Since that topic was resolved and I needed specific examples to convey how this improvement may look like I ended my participation suggesting opening a new topic on this matter that seemed to spark the interest of at least @tisztamo and @Sukera. Here we go.

Next we will show:

  • How using BenchmarkTools will fail to detect effects in one specific example.
  • One general statistical test strategy to compare benchmarks.
  • Conclusions


As it turns out the BenchmarkTools documentation in development already talks about potential sources of errors. In particular to solve systematic errors they recommend Caching Parameters in separate Julia sessions, and to deal with non-systematic machine/OS errors they recommend a list of low level settings not for the faint of heart or for anybody without admin rights.

When looking for information in the Internet I actually found lots dealing with the low level side of it, which is important, but not so much dealing with the systematic side of it, which is statistically critical.

Incidentally, these very important warnings and others come at the very end in the BenchmarkTools manual, just like the warnings in the Book of Cagliostro… Strange.

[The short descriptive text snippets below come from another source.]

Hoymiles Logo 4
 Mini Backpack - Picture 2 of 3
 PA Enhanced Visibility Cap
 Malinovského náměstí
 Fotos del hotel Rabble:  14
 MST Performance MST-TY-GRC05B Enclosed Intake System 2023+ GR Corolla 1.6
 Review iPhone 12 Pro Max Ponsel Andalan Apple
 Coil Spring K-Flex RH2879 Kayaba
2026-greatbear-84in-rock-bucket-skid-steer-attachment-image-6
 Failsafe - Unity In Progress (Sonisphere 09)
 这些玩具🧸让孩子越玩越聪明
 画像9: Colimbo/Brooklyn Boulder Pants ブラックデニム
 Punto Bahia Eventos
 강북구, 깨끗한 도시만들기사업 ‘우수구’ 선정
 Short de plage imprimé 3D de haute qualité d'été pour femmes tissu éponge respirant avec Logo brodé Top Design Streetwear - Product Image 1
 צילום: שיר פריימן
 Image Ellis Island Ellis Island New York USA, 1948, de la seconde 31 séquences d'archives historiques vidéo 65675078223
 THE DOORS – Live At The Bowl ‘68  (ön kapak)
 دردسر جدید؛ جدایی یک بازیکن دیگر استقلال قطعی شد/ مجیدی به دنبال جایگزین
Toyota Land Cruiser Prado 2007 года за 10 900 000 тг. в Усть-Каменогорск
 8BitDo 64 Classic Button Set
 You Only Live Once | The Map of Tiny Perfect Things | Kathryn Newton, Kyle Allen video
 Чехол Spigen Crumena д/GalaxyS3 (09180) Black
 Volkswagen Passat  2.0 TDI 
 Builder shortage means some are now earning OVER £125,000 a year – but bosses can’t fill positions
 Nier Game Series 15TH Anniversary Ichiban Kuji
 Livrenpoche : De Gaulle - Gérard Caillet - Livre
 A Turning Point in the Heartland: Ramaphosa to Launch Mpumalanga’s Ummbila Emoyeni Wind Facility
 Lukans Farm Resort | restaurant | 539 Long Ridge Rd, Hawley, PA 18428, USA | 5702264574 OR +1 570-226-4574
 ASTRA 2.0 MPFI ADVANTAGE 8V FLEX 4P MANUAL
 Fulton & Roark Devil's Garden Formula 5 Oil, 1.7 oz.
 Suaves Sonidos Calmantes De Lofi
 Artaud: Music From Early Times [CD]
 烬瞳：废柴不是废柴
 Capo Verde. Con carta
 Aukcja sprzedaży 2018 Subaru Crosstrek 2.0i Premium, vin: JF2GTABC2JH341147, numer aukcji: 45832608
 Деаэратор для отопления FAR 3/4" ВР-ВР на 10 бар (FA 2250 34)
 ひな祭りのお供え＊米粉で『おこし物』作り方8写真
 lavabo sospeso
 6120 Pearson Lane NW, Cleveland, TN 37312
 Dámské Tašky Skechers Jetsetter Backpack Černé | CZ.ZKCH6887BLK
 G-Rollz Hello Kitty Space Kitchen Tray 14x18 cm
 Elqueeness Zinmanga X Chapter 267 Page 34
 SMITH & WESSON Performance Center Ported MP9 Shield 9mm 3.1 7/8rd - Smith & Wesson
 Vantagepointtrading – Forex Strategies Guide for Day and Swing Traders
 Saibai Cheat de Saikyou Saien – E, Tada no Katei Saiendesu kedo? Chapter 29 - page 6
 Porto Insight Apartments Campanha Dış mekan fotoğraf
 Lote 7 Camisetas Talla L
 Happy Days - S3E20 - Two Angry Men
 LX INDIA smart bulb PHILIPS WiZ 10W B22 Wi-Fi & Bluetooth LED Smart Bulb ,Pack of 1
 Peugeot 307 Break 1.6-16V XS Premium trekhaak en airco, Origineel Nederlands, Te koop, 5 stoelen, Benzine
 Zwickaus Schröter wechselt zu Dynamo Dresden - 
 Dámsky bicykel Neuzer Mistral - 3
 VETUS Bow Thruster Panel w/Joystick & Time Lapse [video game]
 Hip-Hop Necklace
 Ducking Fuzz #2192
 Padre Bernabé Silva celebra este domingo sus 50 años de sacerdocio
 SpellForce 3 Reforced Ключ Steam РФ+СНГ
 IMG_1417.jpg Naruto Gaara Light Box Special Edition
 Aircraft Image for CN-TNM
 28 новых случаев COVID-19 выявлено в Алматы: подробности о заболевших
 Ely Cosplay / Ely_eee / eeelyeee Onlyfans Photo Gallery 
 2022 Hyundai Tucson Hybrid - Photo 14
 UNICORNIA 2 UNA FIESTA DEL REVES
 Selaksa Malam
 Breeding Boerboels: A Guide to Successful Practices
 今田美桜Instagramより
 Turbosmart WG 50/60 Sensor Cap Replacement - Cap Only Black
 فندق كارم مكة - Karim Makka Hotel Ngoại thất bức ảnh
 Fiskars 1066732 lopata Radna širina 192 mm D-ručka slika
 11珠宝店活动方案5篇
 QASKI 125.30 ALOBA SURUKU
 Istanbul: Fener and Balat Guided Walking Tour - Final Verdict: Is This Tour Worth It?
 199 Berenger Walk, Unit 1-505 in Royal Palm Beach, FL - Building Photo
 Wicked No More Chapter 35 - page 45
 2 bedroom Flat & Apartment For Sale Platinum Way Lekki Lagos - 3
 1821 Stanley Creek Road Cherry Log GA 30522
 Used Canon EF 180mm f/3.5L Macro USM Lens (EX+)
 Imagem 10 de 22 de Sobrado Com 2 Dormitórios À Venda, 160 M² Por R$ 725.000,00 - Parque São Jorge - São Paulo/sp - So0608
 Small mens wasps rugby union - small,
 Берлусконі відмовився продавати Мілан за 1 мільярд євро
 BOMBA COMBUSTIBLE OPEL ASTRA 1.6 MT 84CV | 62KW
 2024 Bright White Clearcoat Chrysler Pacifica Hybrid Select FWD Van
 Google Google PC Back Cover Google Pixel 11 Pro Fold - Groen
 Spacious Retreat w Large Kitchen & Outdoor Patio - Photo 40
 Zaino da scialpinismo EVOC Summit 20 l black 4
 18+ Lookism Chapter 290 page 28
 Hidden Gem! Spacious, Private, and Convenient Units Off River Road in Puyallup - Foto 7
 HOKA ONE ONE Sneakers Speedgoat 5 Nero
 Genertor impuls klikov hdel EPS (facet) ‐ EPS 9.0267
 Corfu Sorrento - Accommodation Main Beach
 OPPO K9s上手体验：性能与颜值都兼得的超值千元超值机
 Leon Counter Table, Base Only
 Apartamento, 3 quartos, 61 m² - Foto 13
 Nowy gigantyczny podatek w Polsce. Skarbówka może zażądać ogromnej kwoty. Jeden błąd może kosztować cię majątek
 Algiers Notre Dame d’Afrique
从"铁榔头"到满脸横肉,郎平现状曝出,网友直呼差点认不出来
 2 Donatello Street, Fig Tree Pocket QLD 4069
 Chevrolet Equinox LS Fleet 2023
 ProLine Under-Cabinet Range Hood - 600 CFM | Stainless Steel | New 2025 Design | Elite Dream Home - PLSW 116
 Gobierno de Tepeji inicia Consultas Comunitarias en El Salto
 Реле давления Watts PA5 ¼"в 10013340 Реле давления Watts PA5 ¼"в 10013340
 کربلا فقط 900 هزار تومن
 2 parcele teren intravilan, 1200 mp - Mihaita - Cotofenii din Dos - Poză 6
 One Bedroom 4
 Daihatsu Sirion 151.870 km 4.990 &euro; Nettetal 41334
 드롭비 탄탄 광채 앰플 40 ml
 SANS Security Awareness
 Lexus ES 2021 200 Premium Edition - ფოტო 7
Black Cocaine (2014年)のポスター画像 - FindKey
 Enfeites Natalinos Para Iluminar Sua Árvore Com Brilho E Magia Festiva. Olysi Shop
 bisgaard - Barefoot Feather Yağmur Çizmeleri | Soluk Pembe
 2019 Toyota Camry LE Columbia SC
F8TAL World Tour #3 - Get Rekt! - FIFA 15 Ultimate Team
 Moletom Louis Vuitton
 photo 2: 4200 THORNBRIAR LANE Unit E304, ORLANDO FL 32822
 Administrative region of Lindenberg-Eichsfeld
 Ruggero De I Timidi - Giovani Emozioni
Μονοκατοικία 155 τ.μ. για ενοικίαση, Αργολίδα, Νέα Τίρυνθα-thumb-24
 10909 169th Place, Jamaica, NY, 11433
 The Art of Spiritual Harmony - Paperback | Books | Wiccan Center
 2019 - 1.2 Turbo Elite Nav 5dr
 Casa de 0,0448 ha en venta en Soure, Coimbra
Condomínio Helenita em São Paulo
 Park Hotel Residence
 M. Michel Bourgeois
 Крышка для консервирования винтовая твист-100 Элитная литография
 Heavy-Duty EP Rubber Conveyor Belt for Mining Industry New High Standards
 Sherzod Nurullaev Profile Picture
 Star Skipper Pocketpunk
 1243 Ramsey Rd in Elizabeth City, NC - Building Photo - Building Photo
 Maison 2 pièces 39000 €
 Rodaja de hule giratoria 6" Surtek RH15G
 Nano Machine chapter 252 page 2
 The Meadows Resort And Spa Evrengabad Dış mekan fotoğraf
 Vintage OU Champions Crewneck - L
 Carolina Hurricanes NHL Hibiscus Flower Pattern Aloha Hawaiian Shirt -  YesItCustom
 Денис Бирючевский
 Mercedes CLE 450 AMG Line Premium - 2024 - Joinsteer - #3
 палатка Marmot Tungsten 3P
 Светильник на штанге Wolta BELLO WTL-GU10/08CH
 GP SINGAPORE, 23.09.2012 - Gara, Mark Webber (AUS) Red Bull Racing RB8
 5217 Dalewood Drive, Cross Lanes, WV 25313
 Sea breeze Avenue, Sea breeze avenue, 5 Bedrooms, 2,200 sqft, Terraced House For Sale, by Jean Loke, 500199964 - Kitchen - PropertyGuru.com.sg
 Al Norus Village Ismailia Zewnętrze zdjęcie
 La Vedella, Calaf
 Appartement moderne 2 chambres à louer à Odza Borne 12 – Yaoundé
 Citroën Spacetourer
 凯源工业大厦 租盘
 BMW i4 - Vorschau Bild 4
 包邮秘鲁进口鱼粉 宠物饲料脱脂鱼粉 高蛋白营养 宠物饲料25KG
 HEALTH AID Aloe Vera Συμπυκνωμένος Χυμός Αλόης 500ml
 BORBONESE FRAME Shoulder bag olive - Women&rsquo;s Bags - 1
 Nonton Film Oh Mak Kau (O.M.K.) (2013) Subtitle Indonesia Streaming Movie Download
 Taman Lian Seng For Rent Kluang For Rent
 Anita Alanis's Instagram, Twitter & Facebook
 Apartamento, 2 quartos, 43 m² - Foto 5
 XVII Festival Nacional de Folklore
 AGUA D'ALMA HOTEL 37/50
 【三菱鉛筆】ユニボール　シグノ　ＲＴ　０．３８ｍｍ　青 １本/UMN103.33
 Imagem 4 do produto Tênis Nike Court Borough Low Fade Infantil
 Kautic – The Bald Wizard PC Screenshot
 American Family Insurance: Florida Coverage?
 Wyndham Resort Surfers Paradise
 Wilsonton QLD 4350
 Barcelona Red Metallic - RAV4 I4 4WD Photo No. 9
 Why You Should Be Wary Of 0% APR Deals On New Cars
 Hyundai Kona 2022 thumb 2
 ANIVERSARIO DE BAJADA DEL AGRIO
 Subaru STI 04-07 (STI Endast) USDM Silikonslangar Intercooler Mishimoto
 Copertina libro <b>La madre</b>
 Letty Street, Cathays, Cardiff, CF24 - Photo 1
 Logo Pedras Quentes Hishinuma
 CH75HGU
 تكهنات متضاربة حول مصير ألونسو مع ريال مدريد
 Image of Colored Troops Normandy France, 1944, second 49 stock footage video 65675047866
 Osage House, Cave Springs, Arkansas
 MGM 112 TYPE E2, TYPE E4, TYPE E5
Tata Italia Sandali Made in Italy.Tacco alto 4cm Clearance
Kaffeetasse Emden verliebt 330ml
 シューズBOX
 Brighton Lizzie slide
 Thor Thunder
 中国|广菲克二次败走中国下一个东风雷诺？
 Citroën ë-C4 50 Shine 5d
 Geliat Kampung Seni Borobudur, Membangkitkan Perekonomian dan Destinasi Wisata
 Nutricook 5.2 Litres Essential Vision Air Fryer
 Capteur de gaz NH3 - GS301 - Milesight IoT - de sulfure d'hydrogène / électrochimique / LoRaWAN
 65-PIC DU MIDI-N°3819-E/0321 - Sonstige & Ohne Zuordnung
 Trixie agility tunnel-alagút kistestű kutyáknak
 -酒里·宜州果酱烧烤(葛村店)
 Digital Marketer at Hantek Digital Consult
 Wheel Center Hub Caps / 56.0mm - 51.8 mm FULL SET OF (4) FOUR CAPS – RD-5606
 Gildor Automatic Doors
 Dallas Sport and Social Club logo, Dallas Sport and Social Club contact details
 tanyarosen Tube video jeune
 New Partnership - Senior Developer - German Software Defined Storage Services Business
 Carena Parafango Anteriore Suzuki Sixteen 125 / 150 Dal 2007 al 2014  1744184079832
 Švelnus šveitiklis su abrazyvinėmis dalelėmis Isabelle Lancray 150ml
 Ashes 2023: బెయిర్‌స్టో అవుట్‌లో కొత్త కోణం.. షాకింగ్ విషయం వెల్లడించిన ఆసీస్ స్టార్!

BenchmarkTools failed comparison

Admittedly, unless I go through every single piece of advice in the docs I cannot hold that BenchmarkTools provided a failed comparison. That’s why in this example we are going to imagine we work in a server with no admin rights to try anything low level, we will though restart Julia sessions between benchmarks.

Functions to be compared

A(x) = for i in 1:101 x\x end
B(x) = for i in 1:100 x\x end

The matrix operation x\x is quite robust against optimizations and a benchmarks ratio estimation close to the theoretical 1.01 ratio is to be expected.

BenchmarkTools results

# run in new Julia session
using BenchmarkTools, Random
n = 100
A(x) = for i in 1:101 x\x end
@benchmark A(x) setup = (x=rand(n,n)) evals = 1 samples = 10_000 seconds = 10_000

BenchmarkTools.Trial: 10000 samples with 1 evaluation.
 Range (min … max):  21.825 ms …   3.182 s  ┊ GC (min … max): 0.00% … 0.00%
 Time  (median):     34.535 ms              ┊ GC (median):    0.00%
 Time  (mean ± σ):   42.685 ms ± 58.542 ms  ┊ GC (mean ± σ):  1.26% ± 2.56%

Now we restart Julia and again with B(x)

# run in new Julia session
using BenchmarkTools, Random
n = 100
B(x) = for i in 1:100 x\x end
@benchmark B(x) setup = (x=rand(n,n)) evals = 1 samples = 10_000 seconds = 10_000

BenchmarkTools.Trial: 10000 samples with 1 evaluation.
 Range (min … max):  21.867 ms … 439.327 ms  ┊ GC (min … max): 0.00% … 0.00%
 Time  (median):     34.535 ms               ┊ GC (median):    0.00%
 Time  (mean ± σ):   36.388 ms ±  14.340 ms  ┊ GC (mean ± σ):  1.46% ± 2.56%

The estimated ratio for min, median and mean are:

* min:    21.825 / 21.867 = 0.9980792975716832
* median: 34.535 / 34.535 = 1.0
* mean:   42.685 / 36.388 = 1.1730515554578433

The manual next advises some tools like judge, and ratio to compare benchmark results but there is no point since all comparisons will be quite wrong in this case.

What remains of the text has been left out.